A third party declaration can be used as a declaration against an interest of an employer by an employee in an employment retaliation case and can be the basis by which a Court may affirm a finding that triable issues of material fact exist sufficient to state such employment discrimination claims.

A recent decision evaluates the basis by which certain factual employment circumstances, including third party declarations, may be evaluated by the Courts in an employment retaliation case and can serve as the basis by which a Court may conclude that triable issues of material facts exist as it relates to such employment claims.

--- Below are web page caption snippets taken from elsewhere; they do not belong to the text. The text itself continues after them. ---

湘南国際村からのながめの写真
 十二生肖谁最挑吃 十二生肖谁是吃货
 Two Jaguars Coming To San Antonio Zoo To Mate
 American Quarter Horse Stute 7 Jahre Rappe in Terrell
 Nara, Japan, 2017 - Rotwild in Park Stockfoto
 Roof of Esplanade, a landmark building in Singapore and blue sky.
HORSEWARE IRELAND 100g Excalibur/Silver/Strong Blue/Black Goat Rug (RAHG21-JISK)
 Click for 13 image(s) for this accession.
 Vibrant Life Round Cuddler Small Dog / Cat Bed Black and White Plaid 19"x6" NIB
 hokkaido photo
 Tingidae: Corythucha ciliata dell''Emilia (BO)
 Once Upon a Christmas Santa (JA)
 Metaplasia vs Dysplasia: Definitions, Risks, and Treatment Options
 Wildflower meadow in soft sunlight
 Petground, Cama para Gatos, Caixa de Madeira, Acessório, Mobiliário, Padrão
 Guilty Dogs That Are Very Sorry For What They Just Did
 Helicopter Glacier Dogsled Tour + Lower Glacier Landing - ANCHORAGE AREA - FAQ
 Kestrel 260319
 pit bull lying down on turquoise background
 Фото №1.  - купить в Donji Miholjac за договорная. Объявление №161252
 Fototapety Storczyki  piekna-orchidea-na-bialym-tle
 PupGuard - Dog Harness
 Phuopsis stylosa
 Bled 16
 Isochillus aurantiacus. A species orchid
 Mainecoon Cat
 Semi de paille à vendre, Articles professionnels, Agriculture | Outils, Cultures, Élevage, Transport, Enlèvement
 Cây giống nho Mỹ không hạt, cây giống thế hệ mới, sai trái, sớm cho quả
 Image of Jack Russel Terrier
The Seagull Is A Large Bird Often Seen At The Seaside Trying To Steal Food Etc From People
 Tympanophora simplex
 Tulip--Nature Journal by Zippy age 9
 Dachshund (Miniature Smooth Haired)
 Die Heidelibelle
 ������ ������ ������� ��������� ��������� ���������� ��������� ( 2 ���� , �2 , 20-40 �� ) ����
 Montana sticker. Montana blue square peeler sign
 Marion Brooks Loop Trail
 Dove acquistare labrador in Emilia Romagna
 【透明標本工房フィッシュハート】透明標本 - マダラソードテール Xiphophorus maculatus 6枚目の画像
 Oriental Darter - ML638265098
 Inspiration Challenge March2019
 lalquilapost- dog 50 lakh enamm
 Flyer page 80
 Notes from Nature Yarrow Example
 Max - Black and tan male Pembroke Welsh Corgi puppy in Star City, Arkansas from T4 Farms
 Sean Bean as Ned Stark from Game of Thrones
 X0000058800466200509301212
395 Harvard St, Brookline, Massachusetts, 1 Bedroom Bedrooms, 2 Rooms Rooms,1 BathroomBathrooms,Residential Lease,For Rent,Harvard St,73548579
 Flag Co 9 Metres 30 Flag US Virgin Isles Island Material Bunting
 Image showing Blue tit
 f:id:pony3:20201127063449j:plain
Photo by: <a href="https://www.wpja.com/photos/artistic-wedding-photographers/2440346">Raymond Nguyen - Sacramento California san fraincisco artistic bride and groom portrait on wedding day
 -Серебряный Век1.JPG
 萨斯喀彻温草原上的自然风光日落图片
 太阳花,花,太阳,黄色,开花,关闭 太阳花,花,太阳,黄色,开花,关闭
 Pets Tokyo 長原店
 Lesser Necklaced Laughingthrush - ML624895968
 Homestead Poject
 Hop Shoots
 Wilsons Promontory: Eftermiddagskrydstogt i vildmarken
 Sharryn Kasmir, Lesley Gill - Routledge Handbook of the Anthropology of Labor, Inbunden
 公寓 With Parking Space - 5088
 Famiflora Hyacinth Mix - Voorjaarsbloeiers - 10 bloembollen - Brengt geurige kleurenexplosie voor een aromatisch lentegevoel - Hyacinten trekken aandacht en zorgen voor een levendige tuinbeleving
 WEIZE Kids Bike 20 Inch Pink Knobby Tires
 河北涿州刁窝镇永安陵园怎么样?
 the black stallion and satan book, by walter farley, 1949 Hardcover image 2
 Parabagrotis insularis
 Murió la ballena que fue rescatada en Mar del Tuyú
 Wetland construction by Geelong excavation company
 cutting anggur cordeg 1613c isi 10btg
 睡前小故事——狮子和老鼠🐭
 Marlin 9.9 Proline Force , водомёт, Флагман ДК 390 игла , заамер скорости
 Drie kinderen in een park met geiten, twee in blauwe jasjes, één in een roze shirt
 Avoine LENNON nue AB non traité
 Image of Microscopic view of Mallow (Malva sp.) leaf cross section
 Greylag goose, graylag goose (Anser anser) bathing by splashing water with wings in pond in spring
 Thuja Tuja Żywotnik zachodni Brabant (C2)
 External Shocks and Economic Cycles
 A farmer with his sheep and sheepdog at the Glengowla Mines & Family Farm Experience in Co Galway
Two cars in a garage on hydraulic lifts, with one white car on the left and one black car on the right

In this case, the employee, a hospital dietetic technician, asserted claims against her employer for age discrimination in violation of the California Fair Employment and Housing Act (“FEHA”), specifically asserting that there was no employment or performance basis for her firing, rather that the primary basis for doing so was because of her age. In doing so, the Plaintiff submitted to the Court evidence of that the employer’s own policy guidelines allow for certain flexibility including allowing for mistakes in generating dietetic menus, positive employer reviews and evaluations documenting less than one error a day, and most importantly a declaration from a third party employee that Plaintiff’s supervisor had wanted to give employment preference to younger and pregnant employees.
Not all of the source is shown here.